Deepseek hype cycle explained
In this blog we'll go through the recent hype around the Chinese deepseek model and the stock pricing of nvidia going down and rest
Deepanshu
@dipxsy
You might’ve heard about Deepseek from all the tech gurus around the internet and the claims that it is outperforming the GPT,Anthropic models. One thing that these so-called gurus are claiming is that it's the end of NVIDIA. Do you really think Deepseek was trained on a potato? From now on, the demand for these super GPUs will decrease? Nevertheless, it would only increase, as this model has proved that you don’t need $100k GPUs to power a language model; what you need is just a bunch of NVIDIA GPUs to kickstart the model. Thus, rather than just companies investing in these GPUs, there would also be general public interest in these models.
A brief About how R1 Works:
DeepSeek-R1 is an advanced large language model (LLM) developed by DeepSeek, a Chinese AI startup. Obviously this startup was capable enough to doom the silicon valley leaving all these giants in panic but apple was chill as they have their Apple Super Intelligence (Far more superior than these)
The main algorithm that powers the R1 is Reinforcement Learning . Reinforcement learning is basically giving the model just a small chunks of problem which it has to solve itself numerous times and learn from its mistakes each time until it gets it right
Incase of deepseek , it uses reinforcement learning with GRPO(Group relative policy optimization) : It’s a heavy mathematical equation but in simpler terms it employs the GRPO which stablises the training and optimizes the performance of the model overtime . This method allows the model to autonomously learn by maximizing rewards, reducing its reliance on pre-labeled datasets.

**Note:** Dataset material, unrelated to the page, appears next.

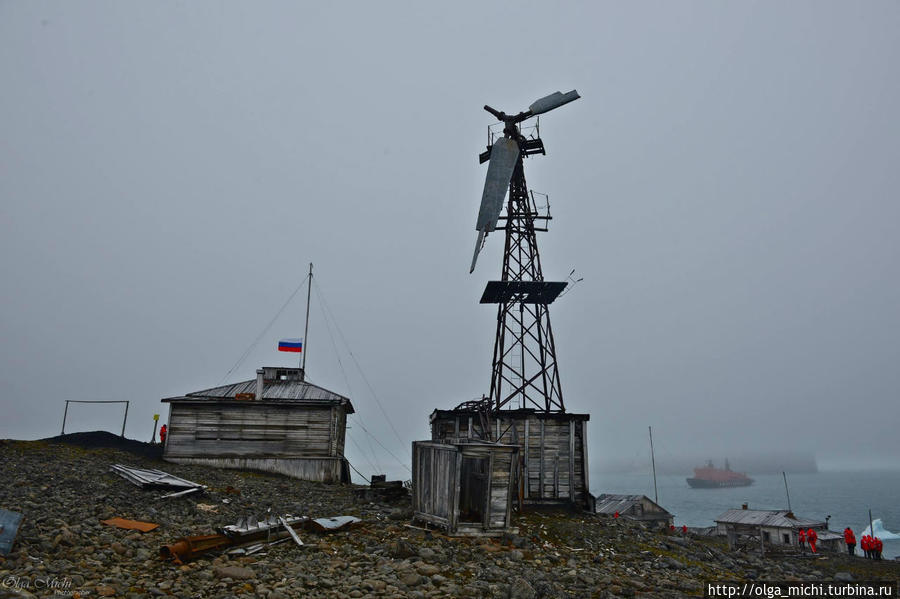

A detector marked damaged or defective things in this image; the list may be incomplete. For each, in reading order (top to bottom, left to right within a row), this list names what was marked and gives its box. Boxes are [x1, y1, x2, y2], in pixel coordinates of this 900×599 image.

rusty metal sheet [101, 516, 159, 536] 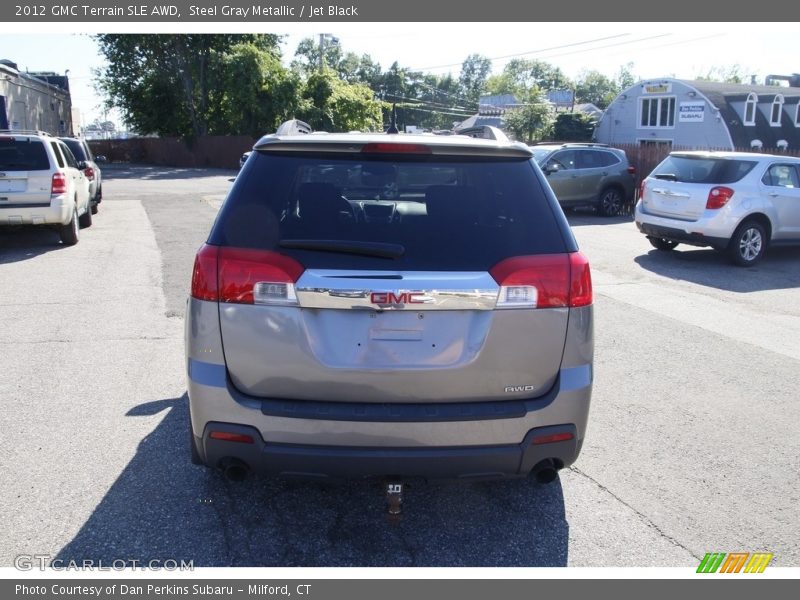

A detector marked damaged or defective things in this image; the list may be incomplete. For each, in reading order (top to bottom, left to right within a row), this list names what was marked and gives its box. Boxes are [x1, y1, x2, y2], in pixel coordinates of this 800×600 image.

parking lot crack [568, 466, 700, 560] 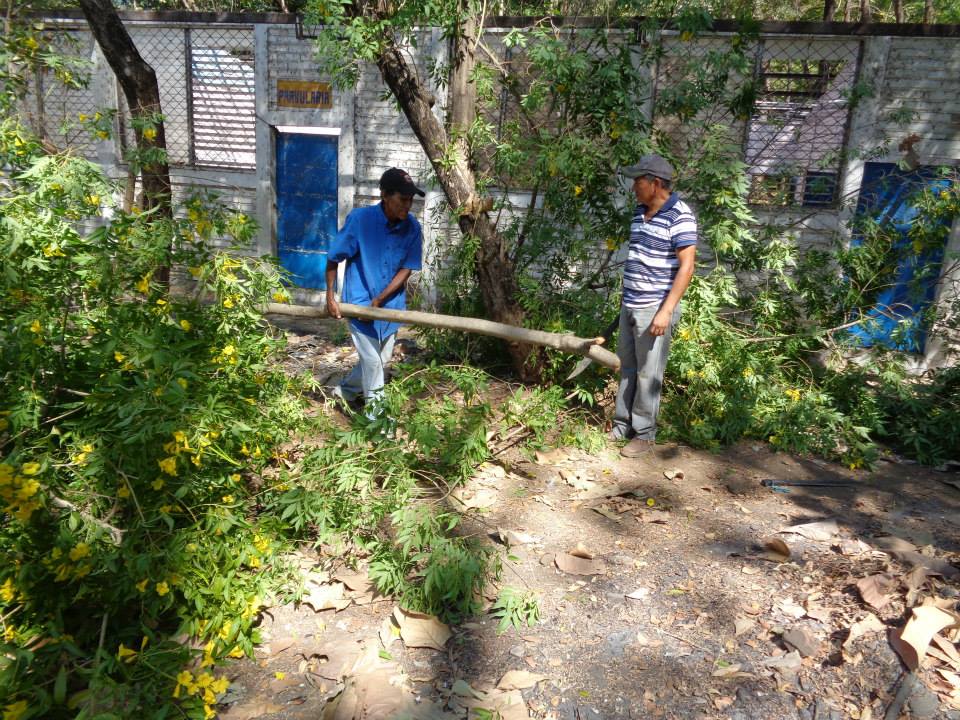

Deepseek R1 has models with several parameters , the biggest one being 672 Billion Parameter model and the smallest one being the 1B parameter model .
How can the smaller models be as powerful as the bigger one ?
The answer lies in the process called Distillation . Here the bigger models generate some problems and question based on the similar process they have learned from and that is given for the learning to the smaller models . Basically the classic teacher student scenario . The bigger models act as the Teacher while the smaller model act as student learning from the teacher .
Here is how the GRPO and Distillation maths looks like ( not important as such ) :
Now, let’s talk about the performance benchmark as compared to some of the other large language models
Mathematical Reasoning
In the AIME 2024 benchmark, which evaluates advanced multi-step mathematical reasoning, DeepSeek-R1 achieved a score of 79.8%, slightly edging out OpenAI's o1-1217, which scored 79.2%. On the MATH-500 benchmark, DeepSeek-R1 scored an impressive 97.3%, surpassing OpenAI's o1-1217, which scored 96.4%.
Coding Proficiency
When it comes to coding tasks, DeepSeek-R1 has demonstrated remarkable performance. On the Codeforces platform, it outperformed 96.3% of human participants, showcasing its advanced coding capabilities.
General Knowledge and Reasoning
In the MMLU benchmark, which assesses a model's knowledge across various subjects, DeepSeek-R1 scored 90.8%, closely matching OpenAI's o1, which scored 91.8%.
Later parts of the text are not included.